** Opening PROVIDED RECORDS block **
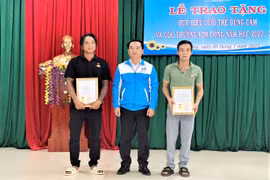 2 thanh niên huyện Chư Prông được trao tặng huy hiệu “Tuổi trẻ dũng cảm” 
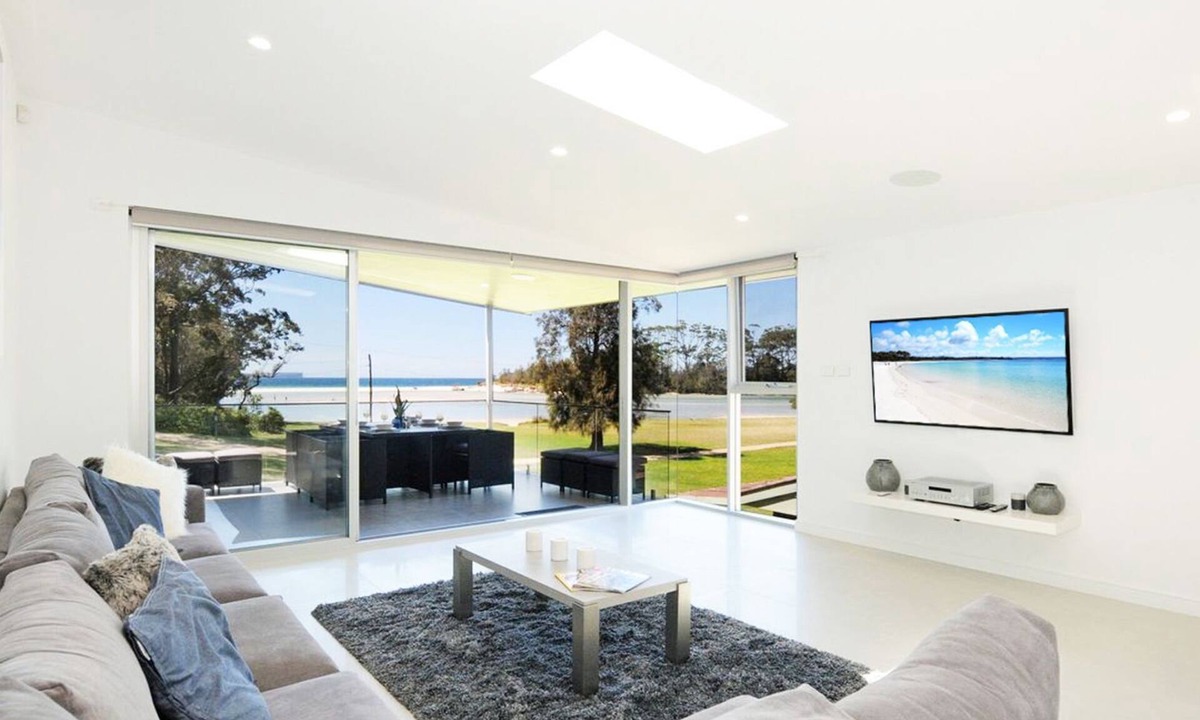 Huskisson House | Waterview by Experience Jervis Bay
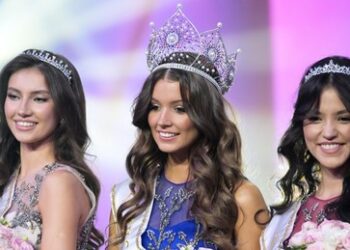 Nun auch in Paris: Zahlreiche russische Models brillieren bei der Fashion Week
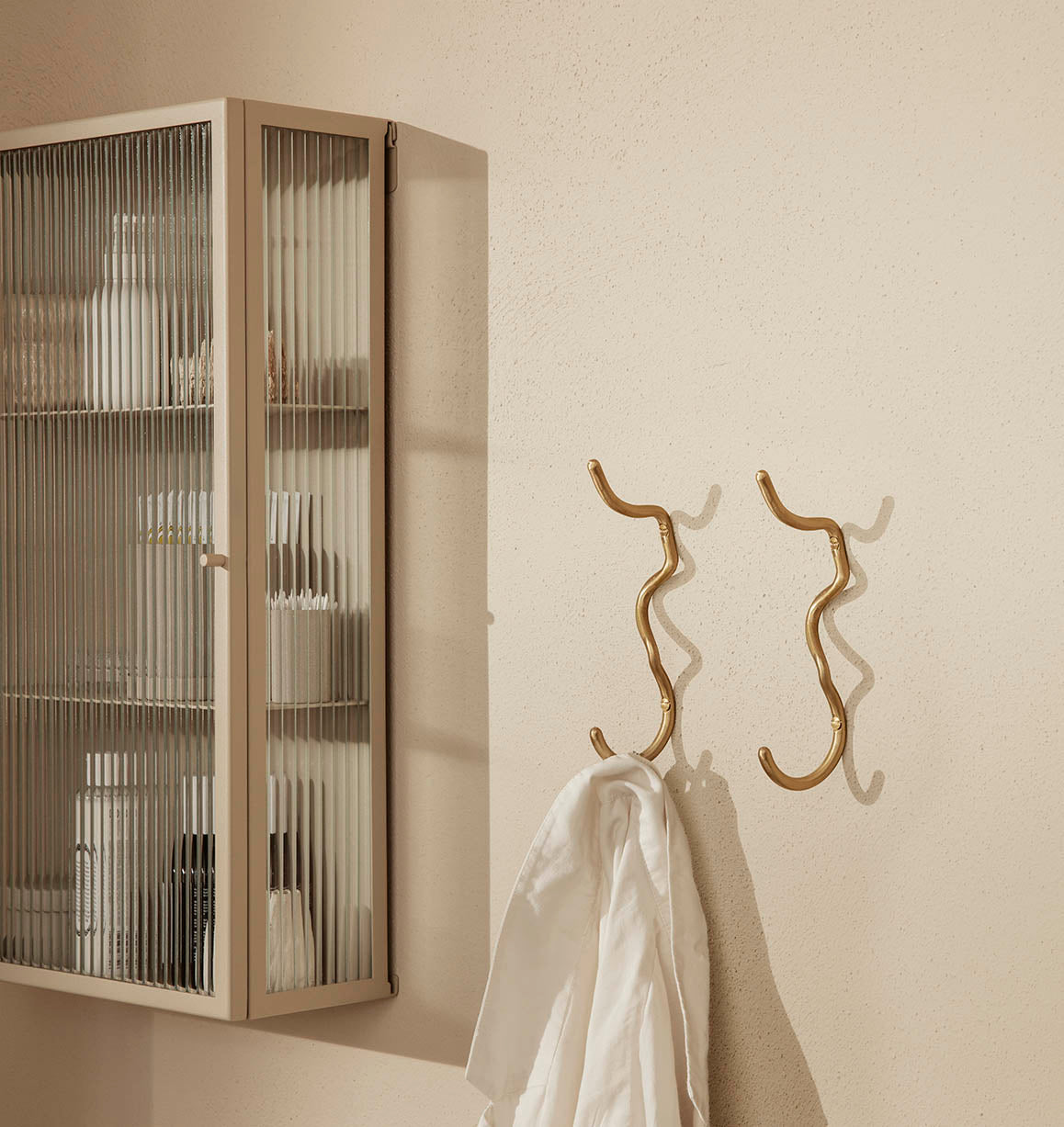 Ferm Living Curvature Hook Brass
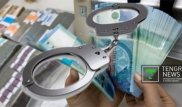 Алматыда Мемлекеттік кірістер басқармасының қызметкері ақша бопсалады деген күдікпен ұсталды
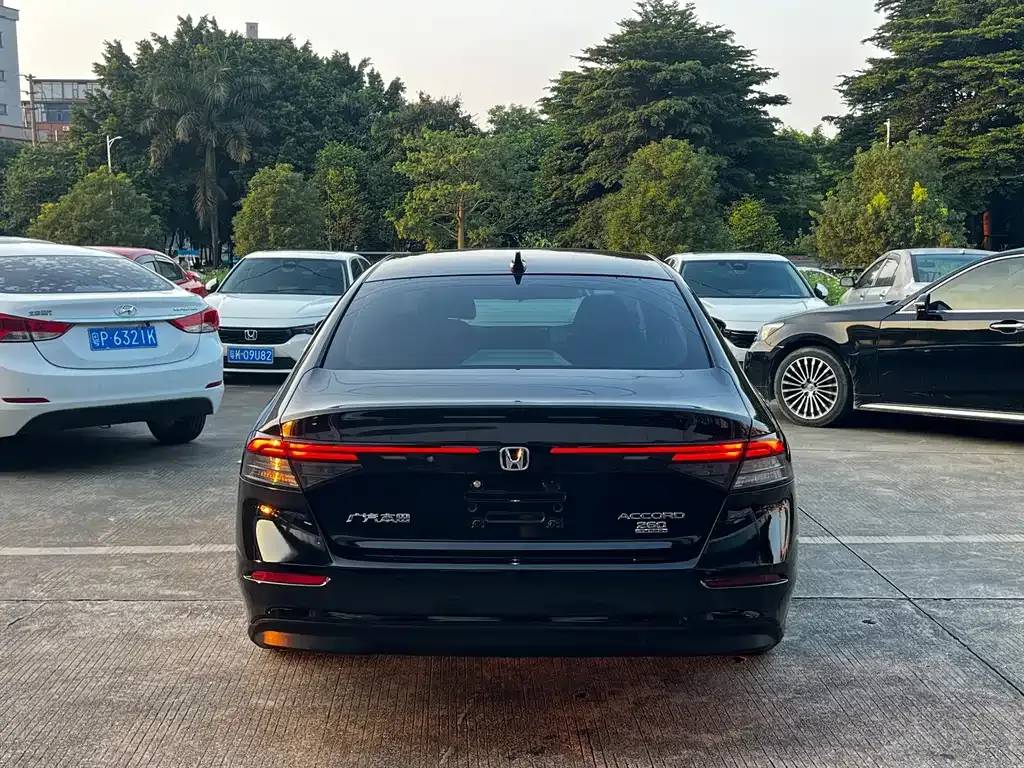 Honda Accord — фото 5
** Closing PROVIDED RECORDS block **
What is needed is an exact restatement of the lines from the line with "Nun auch in" through the final line of the data, pictures excluded.

→ **RESPONSE BELOW**:
 Nun auch in Paris: Zahlreiche russische Models brillieren bei der Fashion Week
 Ferm Living Curvature Hook Brass
 Алматыда Мемлекеттік кірістер басқармасының қызметкері ақша бопсалады деген күдікпен ұсталды
 Honda Accord — фото 5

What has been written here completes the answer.